= AIM OF THE TASK =
Two lines in the listing below mark the span: one contains "That Time I" and one contains "Photo of Outdoor in Crystal River". Reproduce both of them and everything between, exactly.

= RECORD SET =
>>>

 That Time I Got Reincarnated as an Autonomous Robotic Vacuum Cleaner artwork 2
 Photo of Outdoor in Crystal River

<<<
>>>

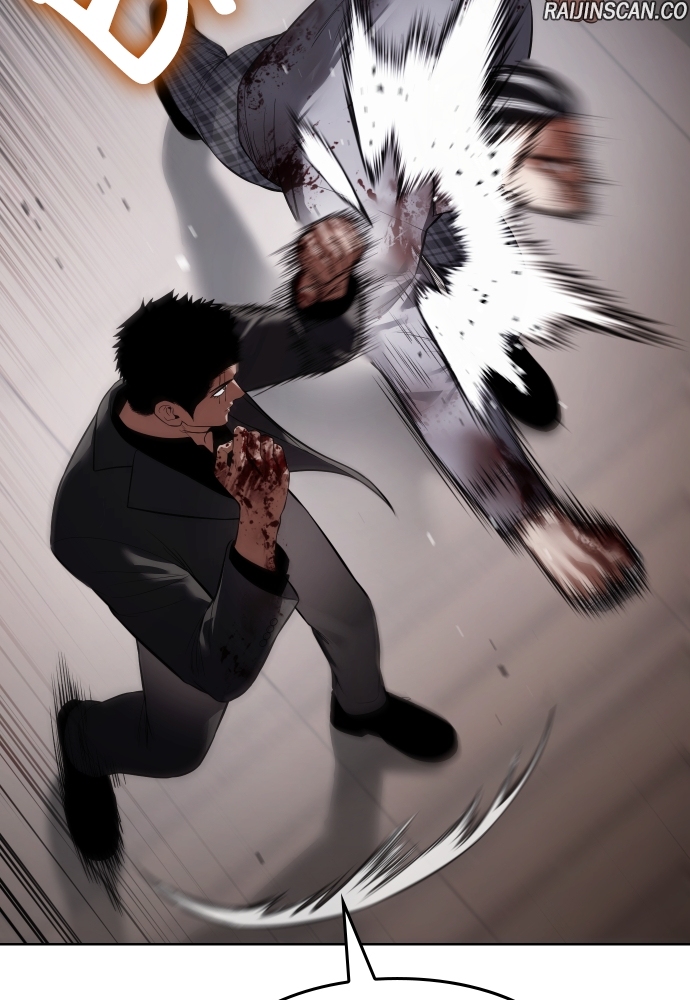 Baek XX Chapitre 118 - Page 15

<<<

= RESULT OF THIS TASK =
 That Time I Got Reincarnated as an Autonomous Robotic Vacuum Cleaner artwork 2
 Photo of Outdoor in Crystal River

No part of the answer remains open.